Unfortunately, it’s cold hard analysis, not moralizing, which most Americans are demanding right now and Obama should look to the proposed plan on the Syrian refugee question recently published by two migration scholars, Alexander Betts and Paul Collier. The highly constructive and pragmatic policy solution they offer entails not a single Syrian refugee coming over to America or even Europe. As they write, the nations of Europe dealing with their Camp of the Saints-style unarmed invasion need to “work harder to address the refugee crisis closer to its main source: Syria.” A development-based approach, not a “camps-and-boats approach,” they argue, would be both good for Syria and Jordan with the latter being able to actually take in more refugees than the 630,000 they already have.

As the scholars describe, a “reconsidered refugee policy” based on development zones in Jordan would “integrate displaced Syrians into specially created economic zones, offering Syrian refugees employment and autonomy.” Zonal development after all is “purpose-built for refugees” with the jobs they provide relocatable to post-conflict areas in peacetime. According to their plans, displaced Syrians could gain access to education, training, and the right to work (things they do not have currently) which the international community could encourage through financial incentives and trade concessions.

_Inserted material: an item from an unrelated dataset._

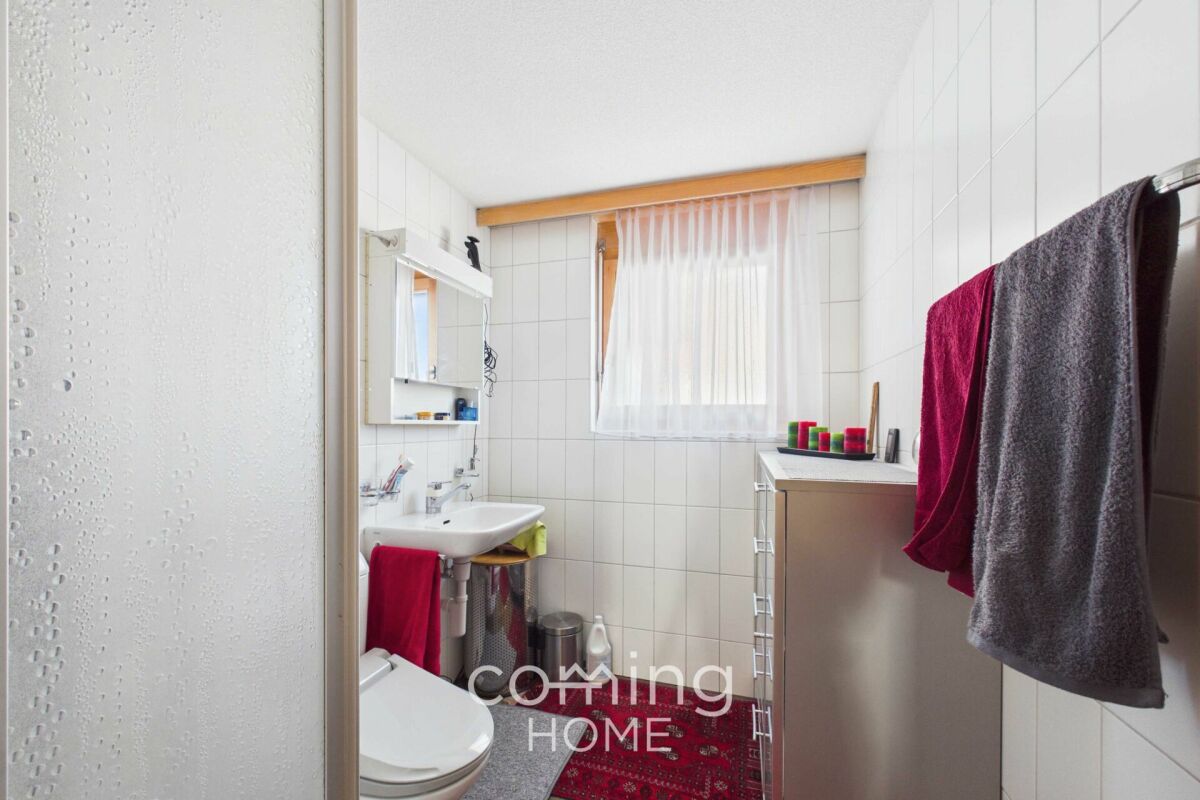 Appartement confortable de 3,5 pièces avec jardin à Engersch, offrant une vue panoramique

What’s key here is the benefits to both Syria and Jordan given their particular situations. The authors foresee “two types of businesses” being set up in the zones: “international firms that would employ both Syrian refugees and Jordanian nationals” and “Syrian firms unable to operate in their country of origin” perhaps permitted to employ refugees only. With enough international help therefore, “Syrians would not be in competition with Jordanians for existing jobs”; their presence would actually be “jobs-generating.”

Addressing the job displacement concerns of host-nation Jordan is crucial here and it aligns with Collier’s previous works in which, unlike most migration scholars, he discusses mass immigration’s negative effects on both the receiving and sending countries. Although Jordanians worry that taking in more refugees would destabilize their urban areas and depress their labor markets, the authors argue their approach would “align the interests” of Jordan, a perennially struggling economy without a manufacturing sector, with the needs of the refugees. In short, the right developmental incentives could aid both peoplesurging Jordan, which already has large economic zones operating under capacity, to welcome even more refugees.

New sources of jobs for Syrians and Jordanians could come from international firms previously operating in Syria, like Royal Dutch Shell, along with now inoperable Syrian businesses themselves. Incentives to locate to the zones could come in the form of trade concessions or subsidies. There are already firms giving to the refugee camps in Jordan, the authors report, such as Hewlet-Packard; why not provide for longer lasting assistance?

The general idea’s not without precedent. Betts and Collier cite similar development-based approaches to refugee crises, including western Uganda, Burundi, Congo, Greece, and Mexico, the latter case involving thousands of incoming refugees from Guatemala in the eighties who were placed in the underdeveloped Yucatan Peninsula to both work toward the area’s agricultural development and improve their capacities for self-reliance before returning home.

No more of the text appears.